-- Problem description --
Exactly the lines from the one containing "Big Sur, California" through the one containing "Chic Tiffany Blue" in the listing below are to be copied, with the pictures left out.

-- Material for the task --
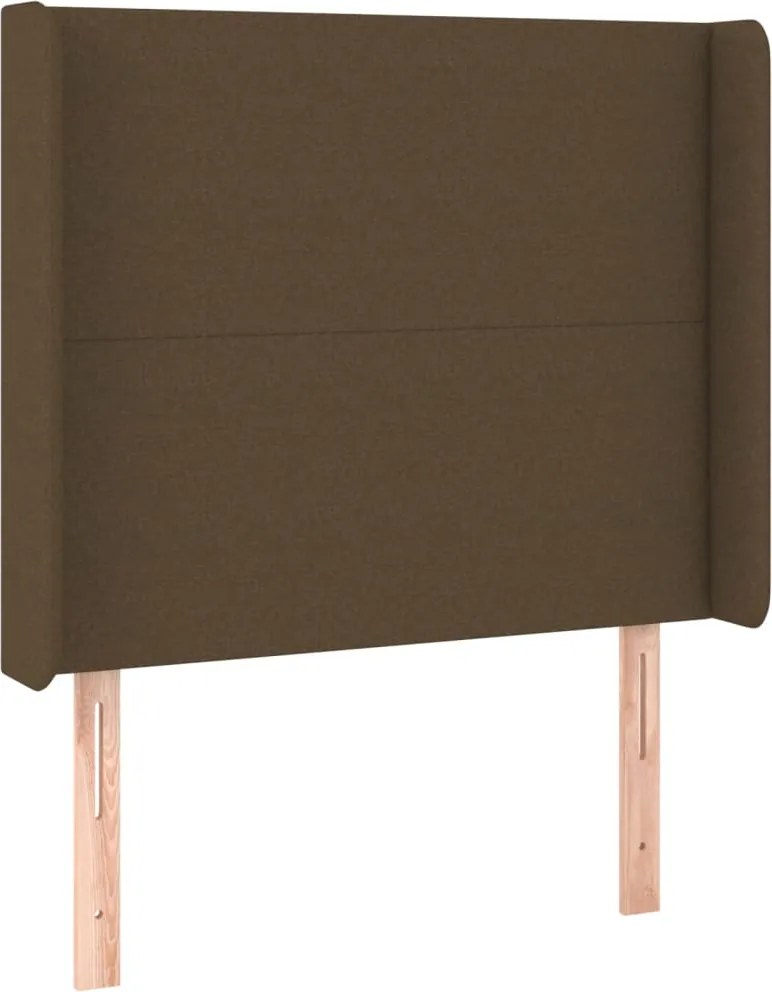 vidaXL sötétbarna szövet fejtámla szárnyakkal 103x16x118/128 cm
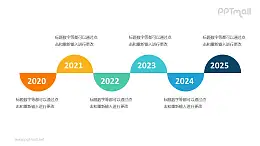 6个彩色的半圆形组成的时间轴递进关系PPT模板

--

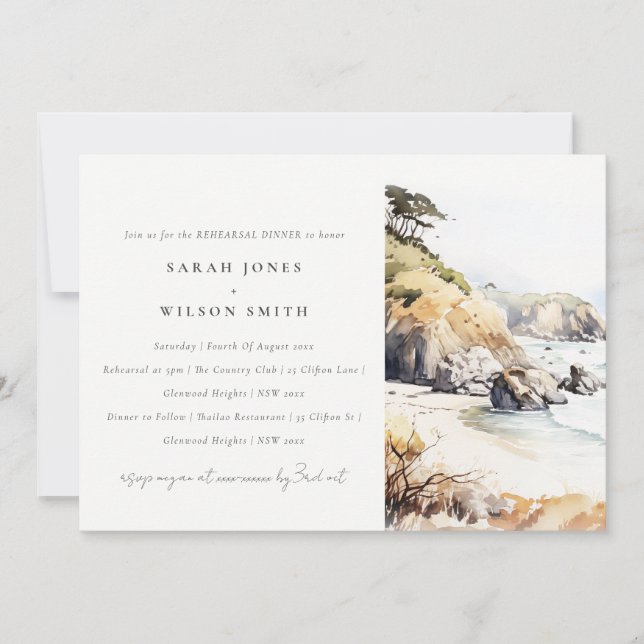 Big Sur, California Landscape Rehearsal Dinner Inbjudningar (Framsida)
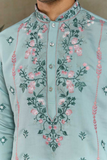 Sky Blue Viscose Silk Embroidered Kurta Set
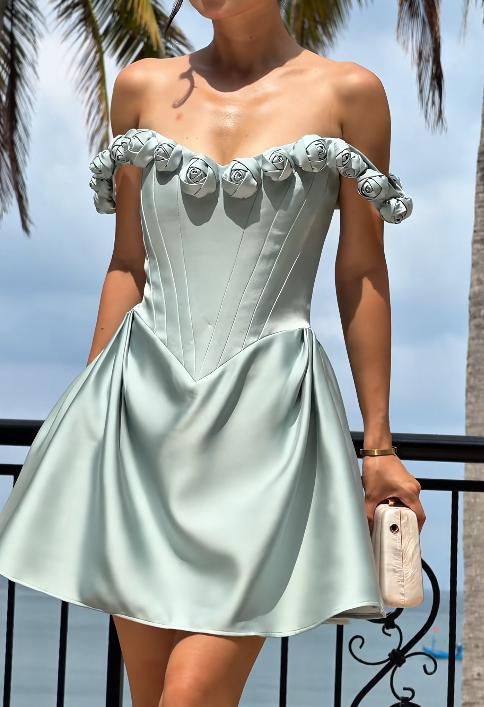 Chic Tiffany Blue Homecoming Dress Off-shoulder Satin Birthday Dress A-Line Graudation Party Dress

-- Task result --
 Big Sur, California Landscape Rehearsal Dinner Inbjudningar (Framsida)
 Sky Blue Viscose Silk Embroidered Kurta Set
 Chic Tiffany Blue Homecoming Dress Off-shoulder Satin Birthday Dress A-Line Graudation Party Dress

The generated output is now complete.